Google is developing technology that could position it to compete with a new breed of digital media companies that are generating story ideas for the internet by mining online search data for under-covered topics.
Source: Google shadow over new media groups
One data-mining guy can easily identify the other similar contents (scrapped/crawled + remixed by other guy). It’s not a rocket science for CS Engineering graduates. If Google can release that “new system” it will be good for us bloggers that create unique content. But that system can be really difficult to implement. Why?
Let’s say that I create a new site and content. Came the kid that scrape my content and post them into their old autoblog or spam site, what do you think it will happen? The old site that is indexed in Google will be seen as the “first poster” because Google found it first. But then there are two options for Google to add to its system and I think it will for sure. The process can be like this (a little difficult to explain, but will try my best):
–> Google get the article copied from the autoblog
–> The owner of that article add a backlink pointing to another part of the site
–> Google now, has to check if the site is an autoblog (which autobloggers can really make a good job and hide it)
–> Following the link of the article, Google may find that the new site has the same article and “think” that the owner of that article is for the new blog.

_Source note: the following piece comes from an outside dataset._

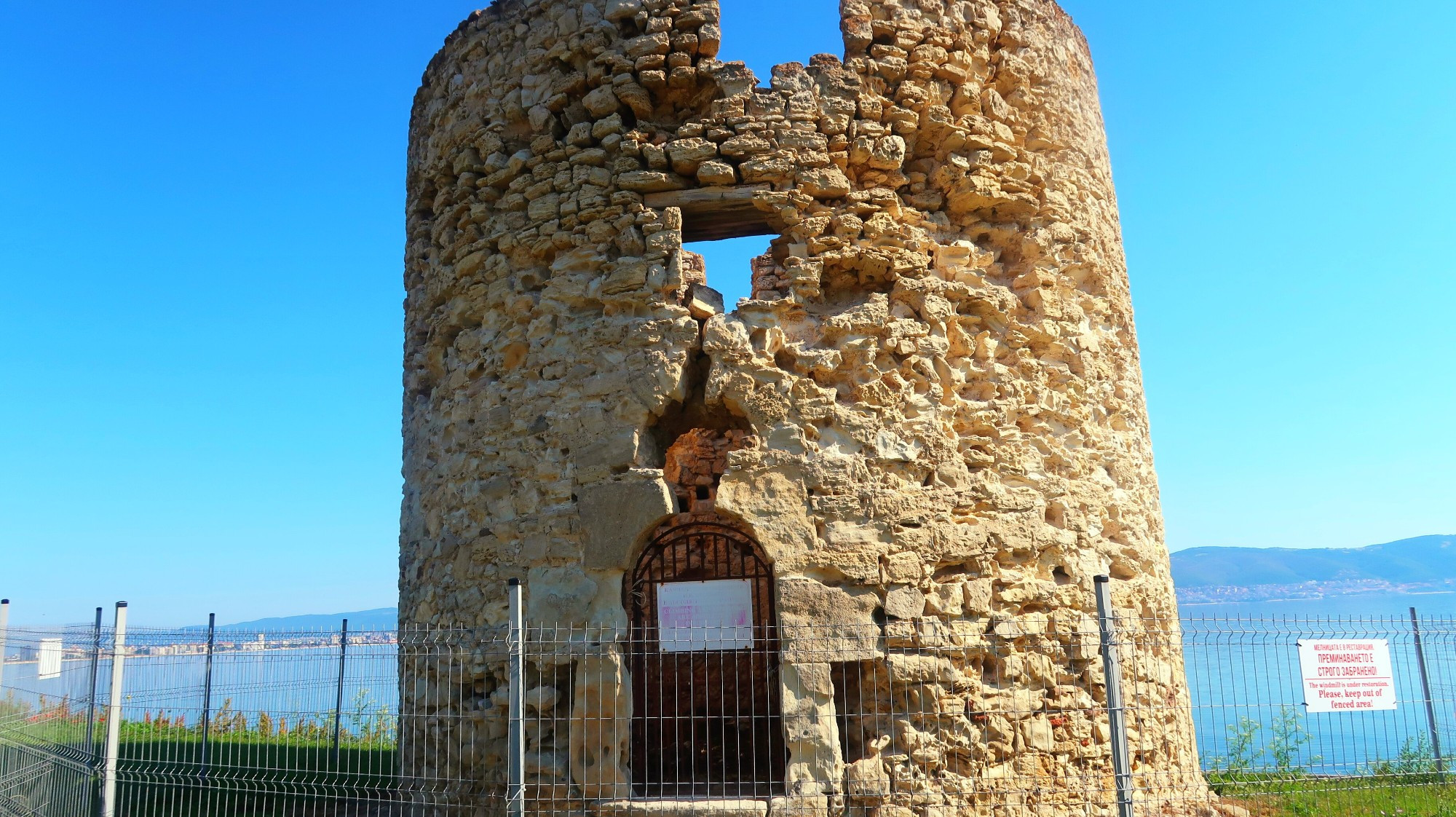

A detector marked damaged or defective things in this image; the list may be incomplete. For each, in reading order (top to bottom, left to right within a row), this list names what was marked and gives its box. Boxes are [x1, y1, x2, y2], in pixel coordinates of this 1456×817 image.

rusty metal gate [626, 521, 786, 798] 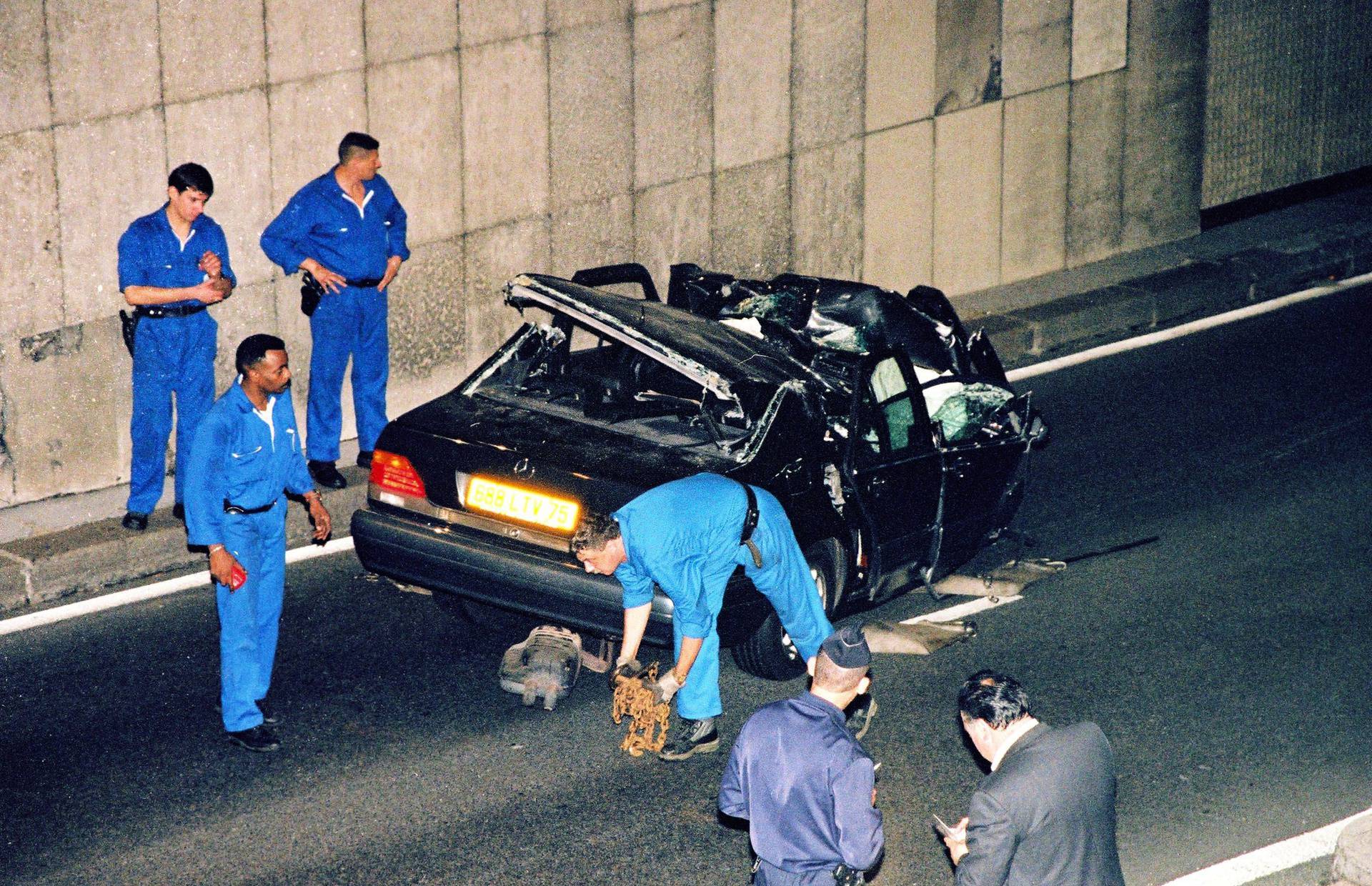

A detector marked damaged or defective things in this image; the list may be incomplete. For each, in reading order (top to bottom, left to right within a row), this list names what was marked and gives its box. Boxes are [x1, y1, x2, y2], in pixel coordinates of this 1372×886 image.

shattered car window [469, 311, 752, 452]
wrecked black car [348, 263, 1043, 680]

But there is really a problem with this scenario, if the new site has let’s say 1000 pages of content. Google should scan all content from that new site and will take a lot of time. What about those webmasters that don’t add links into their content? (there are millions that don’t do that) What about the autoblogger owner edit the content and remove the link from the article? That will be really difficult to Google to develop such an effective system. What do you think about this?